**What you should do**
Could the data below be retyped exactly, without its pictures?

**The data**
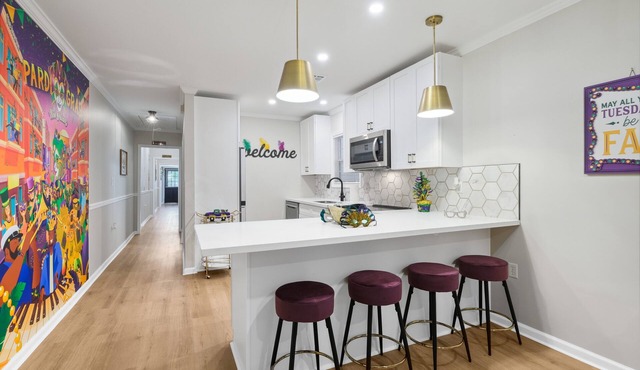 Newly renovated 2bedrooms with 1 Bonus room and 2 bathrooms in MidCity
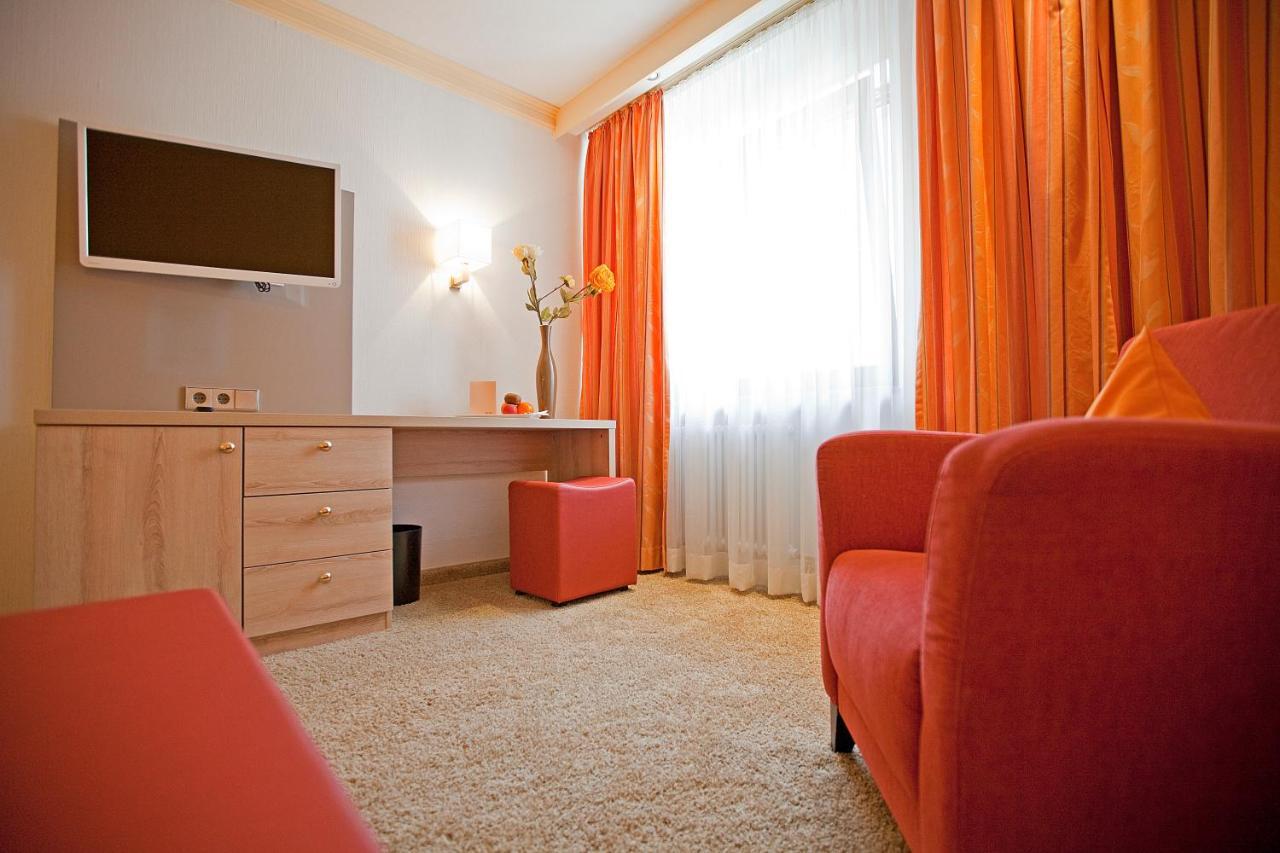Hotel Krone Ohg Gerlingen Extérieur photo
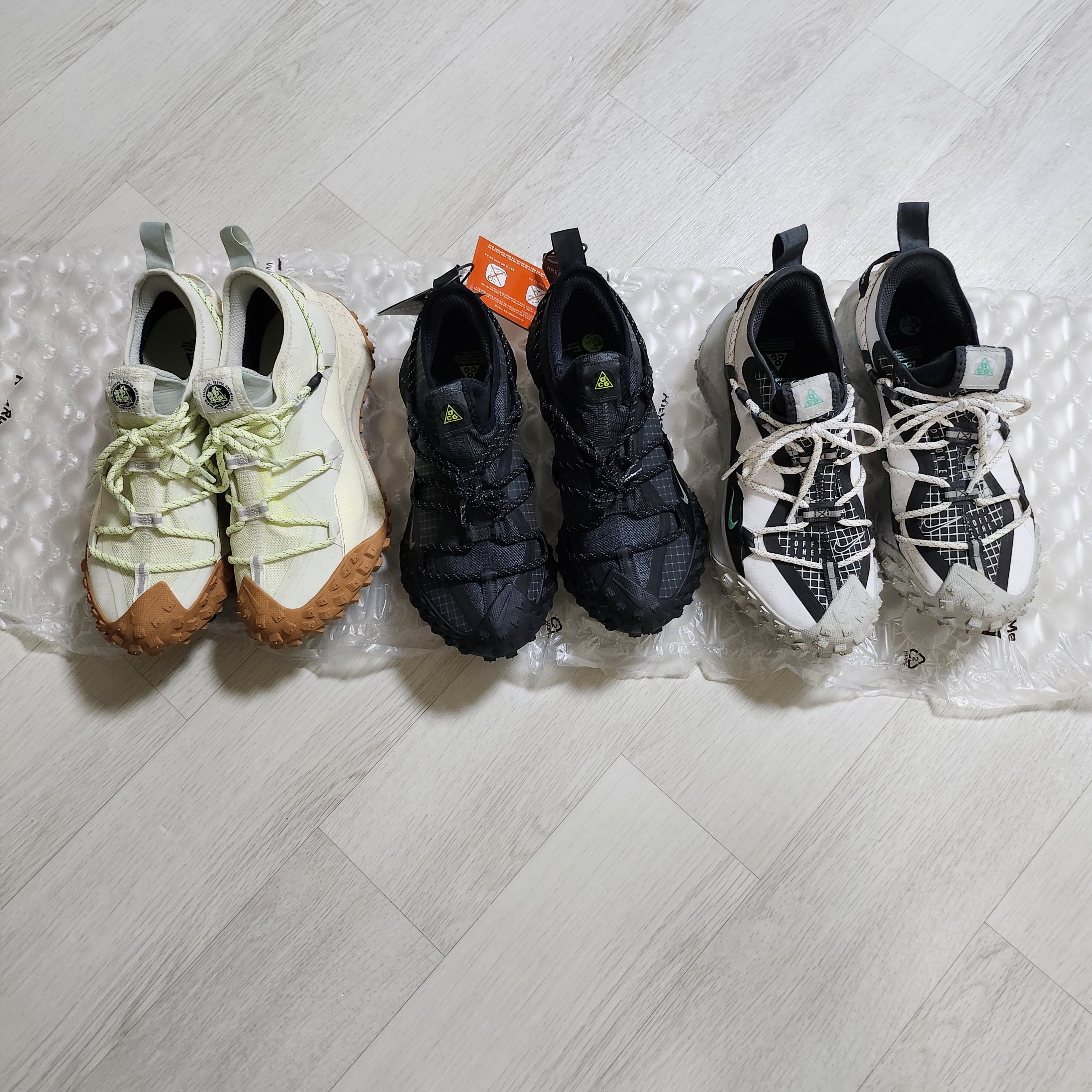 Nike ACG Mountain Fly Low Gore-Tex SE Dark Smoke Grey, Nike ACG Mountain Fly Low SE White and Black 착용 스타일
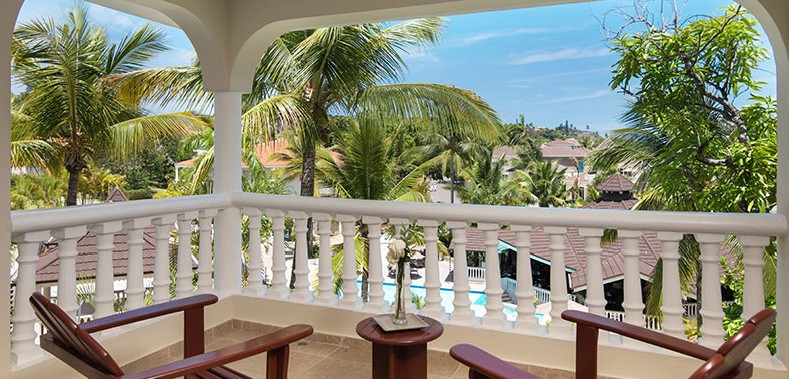 The Residence Suites – Outdoor Deck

**Output of the task**
 Newly renovated 2bedrooms with 1 Bonus room and 2 bathrooms in MidCity
Hotel Krone Ohg Gerlingen Extérieur photo
 Nike ACG Mountain Fly Low Gore-Tex SE Dark Smoke Grey, Nike ACG Mountain Fly Low SE White and Black 착용 스타일
 The Residence Suites – Outdoor Deck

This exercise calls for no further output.